Source:
https://scmp.com/article/413714/battered-hotels-send-out-signals-distress

Battered hotels send out signals of distress

With peak-season occupancy rates as low as 8pc, the industry is seeking emergency government aid

Hong Kong's reeling hotel industry has launched a crisis survey to assess the extent of financial losses suffered in the wake of the Sars outbreak.

Overall hotel occupancy figures have fallen to 20 per cent, with some hotels reporting single-digit occupancy rates of below 8 per cent in the first two weeks of this month.

Fears and safety precautions in the face of the severe acute respiratory syndrome (Sars) outbreak have already prompted the cancellation or postponement of major exhibitions and conferences.

Among a list of drastic cost-cutting measures to cope with the crisis, hotel staff are increasingly being asked either to take a pay cut, typically of 20 per cent, or to take three months of unpaid leave.

Despite the government allocation of $11.8 billion to help boost the economy, which includes a $1 million loan scheme for each hotel, the Federation of Hong Kong Hotel Owners says the upper limit of the loan is too small to bail them out.

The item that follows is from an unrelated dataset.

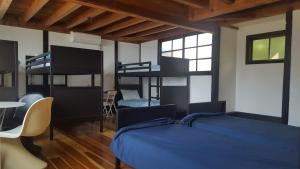 a bedroom with a bed and bunk beds with a table at Asobi Lodge in Kyotango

The survey, commissioned by the Hong Kong Hotels Association, will assess the damage - both short- and long-term - caused by Sars.

Association chairman Mark Lettenbitcher said it had engaged a public relations firm to conduct the survey, which should be completed next week.

Asked to predict what would happen to the industry if the Sars problem dragged on for three more months, he said: 'We are taking the situation week by week.'

He said occupancy rates had dropped to between 18 and 20 per cent in hotels across the city.

With regard to the pay-cut and unpaid leave requested of staff, he said: 'Hotel managements have been extremely generous. We want to keep our employees.' The federation will hold an emergency general meeting early this week to solicit members' views on further cost-saving initiatives, and what steps to take beyond the government's rescue plan, assistant executive director Chan Shuk-fong said.

Ms Chan said hotel owners were facing the worst economic crisis in memory. 'The impact is far worse than the 1997 economy downturn,' she added.

Ms Chan said March and April were the peak tourist season and with the cancellation of the week-long Labour Day holiday next month, the financial loss would be tremendous.

She explained that during the high season, the occupancy rate was often as high as 90 per cent, with mainland customers accounting for 50 per cent of trade for many hotels.

Ms Chan said all trade functions and exhibitions had either been cancelled or postponed to October or November.

Cost-cutting initiatives include staff being ordered to take annual leave immediately, no pay leave ranging from one day per month to four days, terminating probationers and temporary contracts, and stopping all overtime payments.

Some hotels have closed swimming pools, health and fitness centres, and reduced operating hours of restaurants. The number of lifts and escalators in use has been reduced to save on power. The federation has asked the government to waive this year's restaurant and bar licence fees and the effluent surcharge, and to temporarily suspend hotel licence fees. It also wants reduced power charges.

The federation also called for suspension of mandatory provident fund contributions by employee and employers for one year, plus access to low interest government loans for staff.